Defendants allege that the decision not to challenge the validity of the LCA during the hearing was a tactical determination. (Grin-nell Aff., ¶ 12). Bramley himself asserts that it was his opinion that doing so would not be helpful, and that plaintiff agreed to this decision, both at the August 15 meeting, and in a telephone conversation between Bramley and plaintiff on August 18. (Bramley Aff., ¶¶ 6, 10). Bramley suggested that such an argument would be better made in a post-hearing brief to the arbitrator. (Id.). Such a brief was in fact submitted. (Id. ¶ 12 and Ex. A). Bramley also denies that he ever promised plaintiff that he would subpoena documents for the purpose of challenging the LCA. (Id. ¶ 9).

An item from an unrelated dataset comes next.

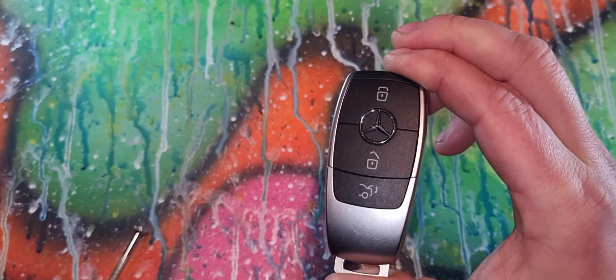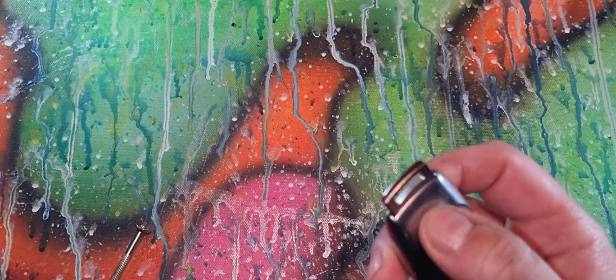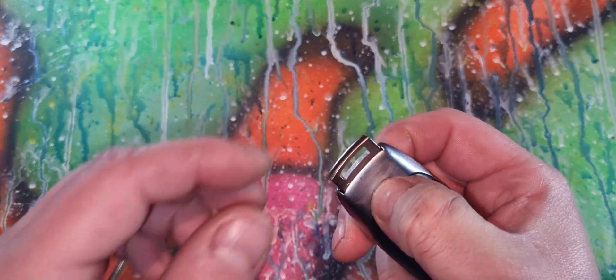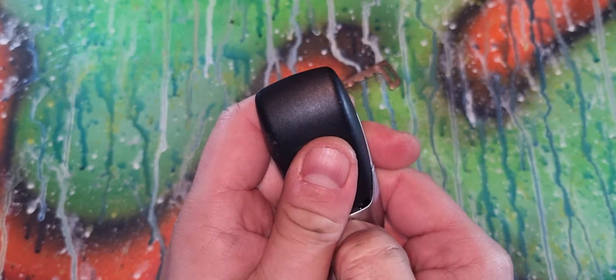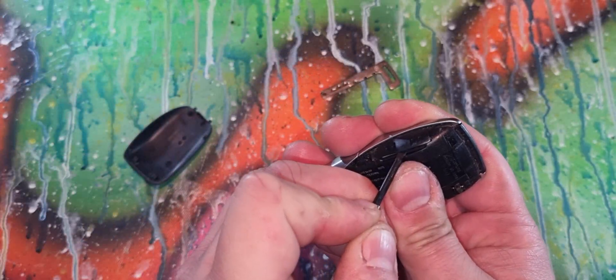Today we have a Mercedes key. Press this button, pull the key, push the button again, push forward, get a screwdriver and push out.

The arbitration hearing was held on August 25, 1995. The substance of that proceeding is documented in the Opinion and Award of Arbitrator Sumner Shapiro, dated September 15, 1995, attached to plaintiff’s affidavit as Exhibit 4. Shapiro found, in sum, that (1) the LCA was valid; (2) the LCA did not foreclose plaintiff from invoking the arbitration process; (3) the Company did not violate the CBA when it discharged plaintiff pursuant to the LCA. (See PLAff., Ex. 4). Local 18 did not seek to vacate the award, contending that Bramley concluded that there were no grounds to do so. (Grin-nell Aff., ¶ 16).

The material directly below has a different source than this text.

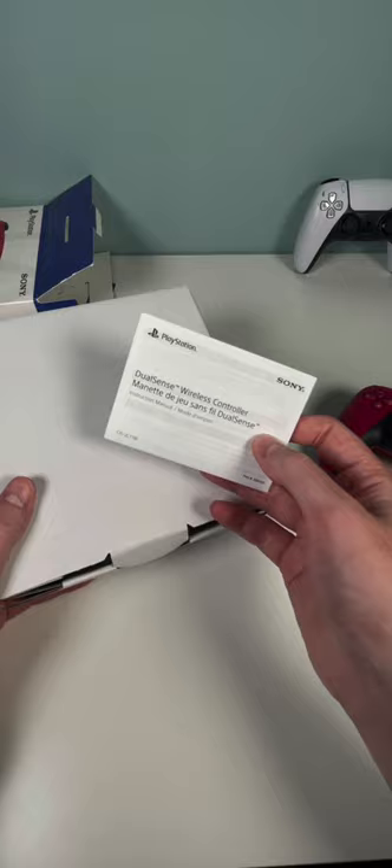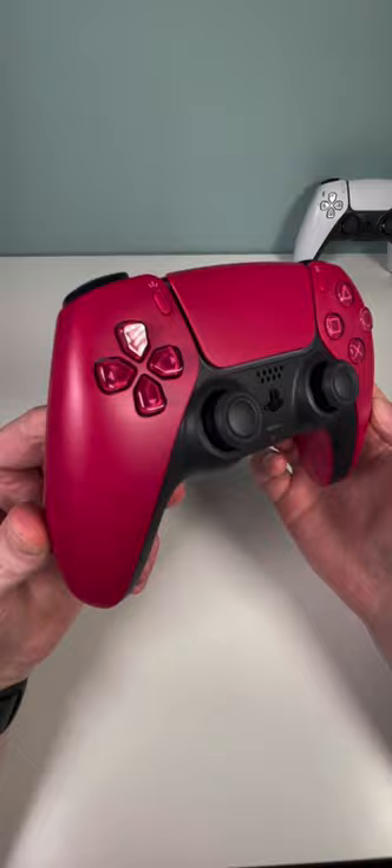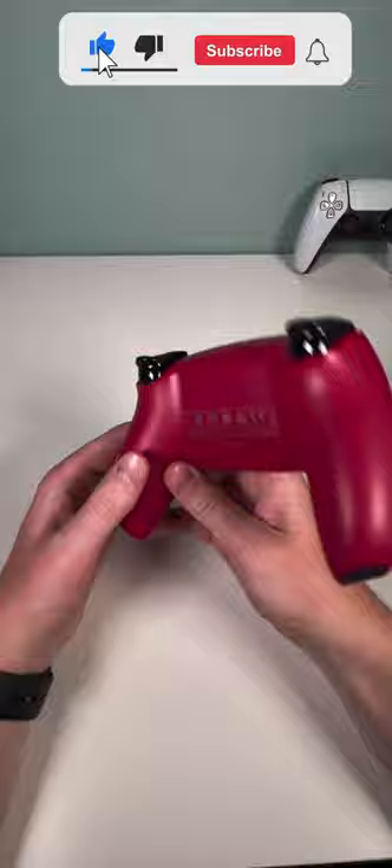The only other thing in here is a manual — no cord to actually charge the controller itself. It does look a little pink in real life, but it is a little bit more red than pink, definitely on the lighter red though. It has the exact same features as the original white PlayStation 5 controller, it is just a different color.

Sometime after the arbitrator’s decision was rendered, plaintiff contacted Bramley. Plaintiff asked Bramley whether the decision could be appealed; according to plaintiff, Bramley responded that an appeal based upon the validity of the LCA or the alleged violation of plaintiffs rights under the CBA would require him to take a position adverse to that of his client, Local 18. (PLAff., ¶ 27). Bramley contends that he simply told plaintiff an appeal would be up to his client, Local 18. (Bramley Aff., ¶ 15). Bramley additionally alleges that plaintiff inquired about suing Local 18, and hiring Bramley, both of which Bramley declined, as Local 18 was his client. (Bramley Aff., ¶¶ 14-15).

B. Procedural History:

Plaintiff filed this lawsuit on March 18, 1996. The Complaint contains three causes of action, based upon: (1) plaintiff’s wrongful termination by the Company, in violation of the CBA; (2) breach of the duty of fair representation against UPIU and Local 18; and (3) a claim that the arbitrator’s Opinion and Award is void. Plaintiff seeks $1.5 million in compensatory and $1.5 million in punitive damages, a determination that the Opinion and Award is void and unenforceable, costs and disbursements.

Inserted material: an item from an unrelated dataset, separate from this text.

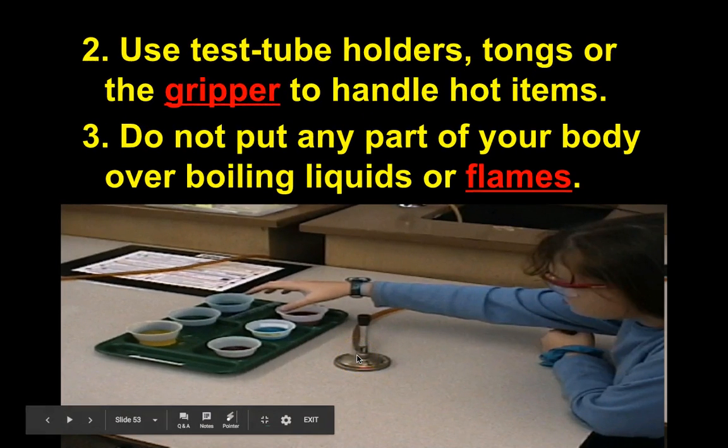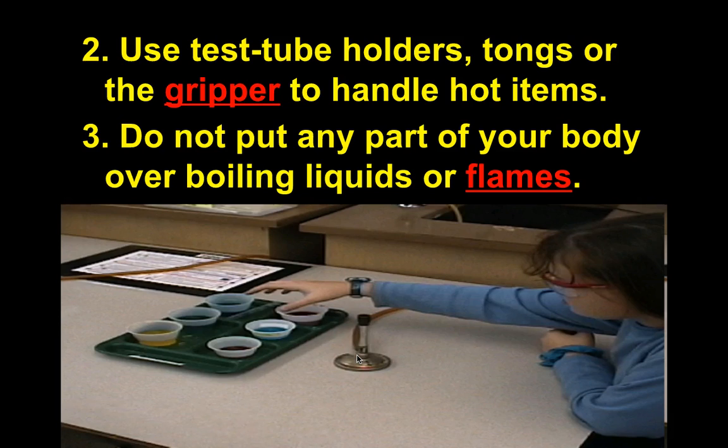Use test tube holders, tongs, or the gripper to handle hot items. I'll typically ask you to use both the gripper and tongs, and I'll show you how before the first Bunsen burner lab. Always use these tools — you don't want to burn yourself.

UPIU, Local 18, and the Company filed answers on May 22, May 30 and June 3, 1996, respectively. UPIU and Local 18 moved for summary judgment on October 17, 1996, and the Company’s motion followed on October 22. Defendants argue that: (1) plaintiffs conclusory allegations are insufficient to demonstrate any breach of the duty of fair representation; (2) plaintiff has shown no prejudice as a result of UPIU and Local 18’s alleged actions; (3) the Company’s discharge of plaintiff did not violate the CBA; and (4) plaintiffs claim that the Opinion and Award is void is untimely.

II. DISCUSSION

A. Defendant’s Motion for Summary Judgment.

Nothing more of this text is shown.